There have been some recent modifications including five new tees that have stretched the course from the 7,205 yards it was in 1991 when a young “grip-it-and-rip it” John Daly stormed to victory in US PGA Championship on the then longest track in the event’s history to the comparatively modest 7,316 yards it is today.
A half-dozen of its fairways have also been tightened up and a few new bunkers added, but essentially the exclusive, members-only Crooked Stick Golf Club will present the same straight-forward, no-tricks track it has always been .
As Dye told PGA Tour.com in last week, “There’s still 14 greens that are the same as when I came in here.”
And it is the greens, which average out at some 4,500 square feet, similar in overall area to Dye’s most famous work, the Stadium Course at Sawgrass, but smaller than most other PGA Tour venues, which gives Crooked Stick most of its teeth.

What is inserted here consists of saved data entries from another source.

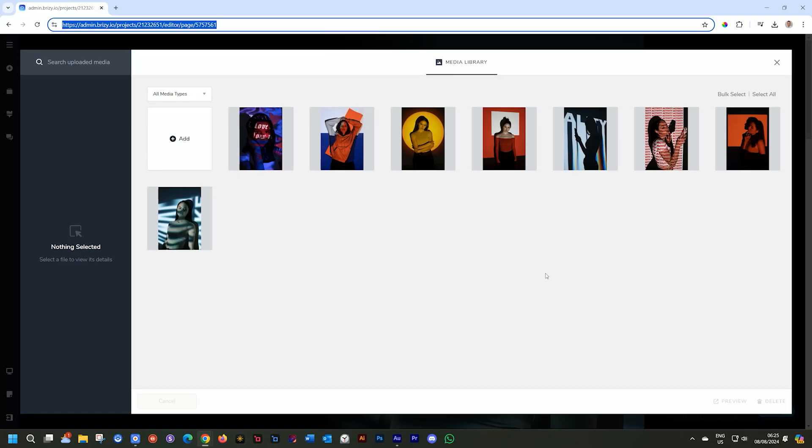The media library within Brizzy Cloud allows you to upload all the assets that you will be using within your website. Let's have a look at how the media library works, including a few interesting use case scenarios.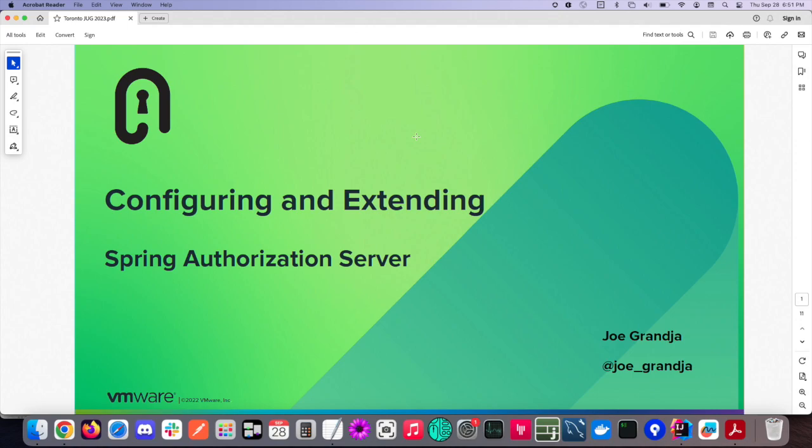Before I start, I wanted to ask the audience: who's a Spring developer here? If you could put your hand up. And how about Spring Security? Have you tried Spring Authorization Server? How about OAuth 2 client and resource server in Spring Security?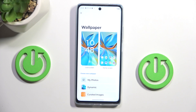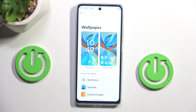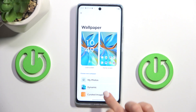Here, just select from which folder you want to choose your home screen wallpaper. It can be one from your own photos, one from dynamic wallpapers or curated images.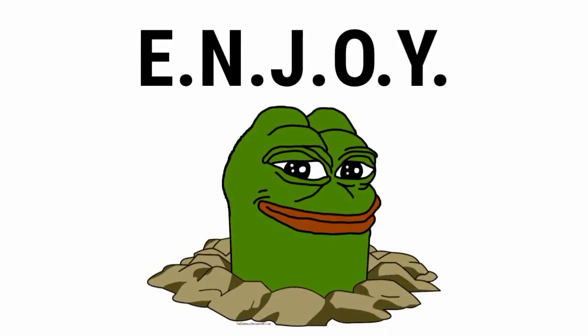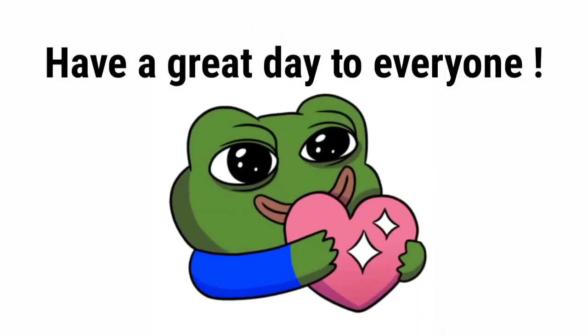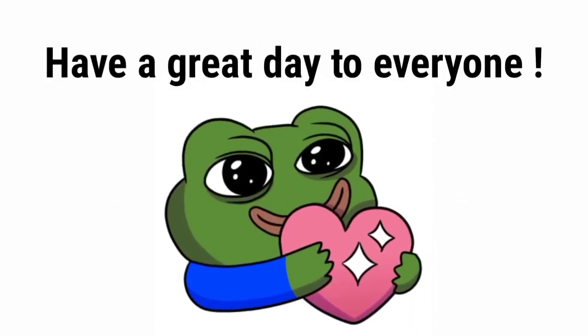Enjoy. And as always, have a great day to everyone. Bye.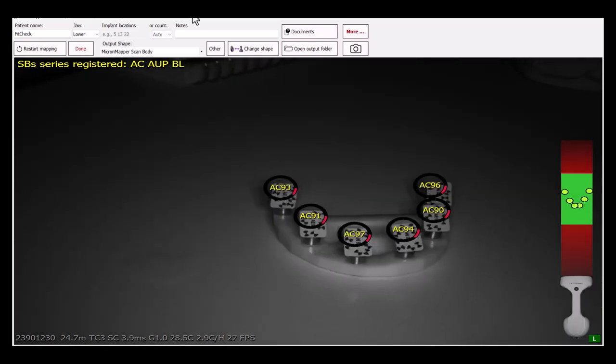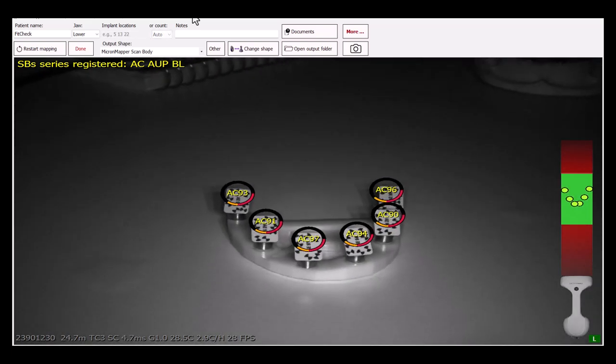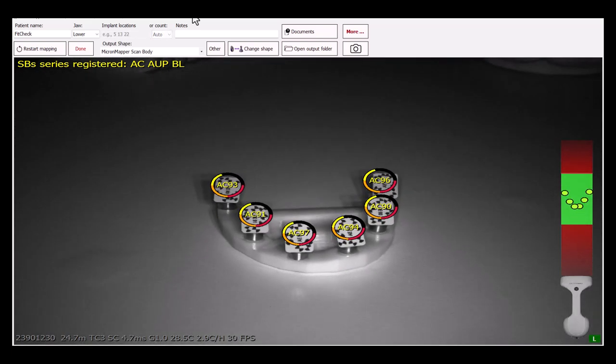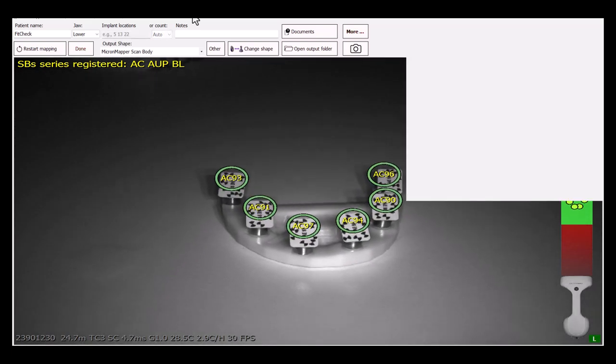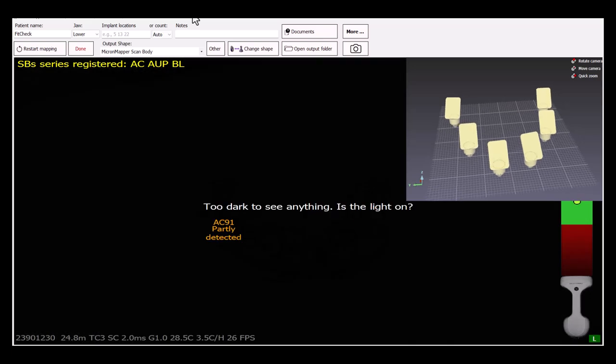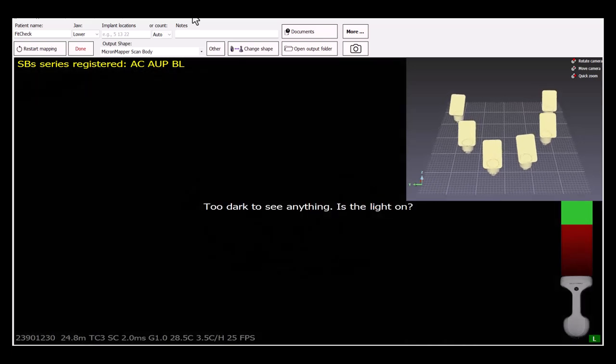Then, perform a photogrammetry scan of the prosthesis. The output file will be saved in the same directory as all of the other scans.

According to GolfWeather.com there is no more than a 10% chance of morning rain on the first day only, and the wind is not likely to be much of a factor, especially on Sunday when it is not expected to get up to much more than 8mph.
In other words, it is those who can best control their distance and accuracy when targetting the greens who are most likely to outlast the reduced, 70-strong field that will contest this, the third of the four legs in the FedEx Cup.
And besides McIlroy, who seems to be thriving in his new role of World No 1, it is the two men who finished one and two shots behind him in second and third place respectively, South Africa’s 2010 Open Champion, Louis Oosthuizen, and Tiger Woods, the USA’S 14-time major winner who has just become the first golfer in history to exceed $1 million in prize money, who would seem to be among the best equipped to handle Crooked Stick.
McIlroy, as mentioned, led the field at the Deutsche Bank, in both birdies made and putting, Oosthuizen led in greens hit as he picked up his second-successive top five Playoffs finish and Woods, who closed with 5-under 66, ranked tied-for-second in both greens hit and in birdies made.
That should make them all major contenders this week – providing, of course, they can bring last week’s form and mind set back into play again this week – something that isn’t always easy.
As things stand right now with McIlroy topping the FedEx Cup standings at 4,799 points, there are only six players who can oust him as the leader heading into next week’s FedEx Cup finale, The Tour Champion.
But to do so Nick Watney, (3,468), Woods (3,417), Brandt Snedeker (3,194), Oosthuizen ((2,909), Dustin Johnson (2,622) and Jason Dufner (2,373) will most likely have to claim the 2,500 points that are up for grabs to the BMW winner and hope that McIlroy implodes and finishes well down the field.
Points awarded will decrease on a sliding scale from 2,500 for first place to 1,500 for second and 1,000 for third to 375 for 10th to 255 for 20th and all the way down to 5 points for 70th place.
One of the men who might be the biggest threat if any of last week’s top three slip this week is big and athletic Dustin Johnson.
Like and Bubba Watson and McIlroy, who hit one of his drives all of 346 yards going down the final stretch on Sunday, Johnson is one of the game’s big hitters who should benefit from Crooked Stick’s generally wide fairways.
And ties for 3rd at The Barclays and for 4th at The Deutsche Bank and a ranking of eighth on tour in greens hit in regulation, certainly sets him up as a strong contender this week.
Others who could prove to be something of a headache for the front runners at Crooked Stick include US Ryder Cup wild-card picks Brandt Snedeker and Steve Stricker, while the off-shore raiders beside Northern Ireland’s McIlroy who seem to have the best chance of making an impact this week are Luke Donald, fellow Englishman Lee Westwood and Spaniard Sergio Garcia.
Donald, currently ranked No 2 in the World ahead of Woods, is another with a strong irons and putting game as are Westwood, the World No 4 and currently the US Tour leader in greens hit in regulation, and Sergio Garcia, who is growing in strength as the seasons on both sides of the Atlantic head towards their respective climaxes.
But if any two men are going to command most attention again this week, it is most likely to be Woods, the-starting-to-weather 36-year-old golfing king of the 21st Century, and McIlroy, the affable 23-year-old young prince who is seen by most knowledgeable pundits as the man most likely to succeed him.
If either has had a weakness this year, it has been their unpredictability, so perhaps the biggest question they both face this week, is can they keep up their excellent work of last week?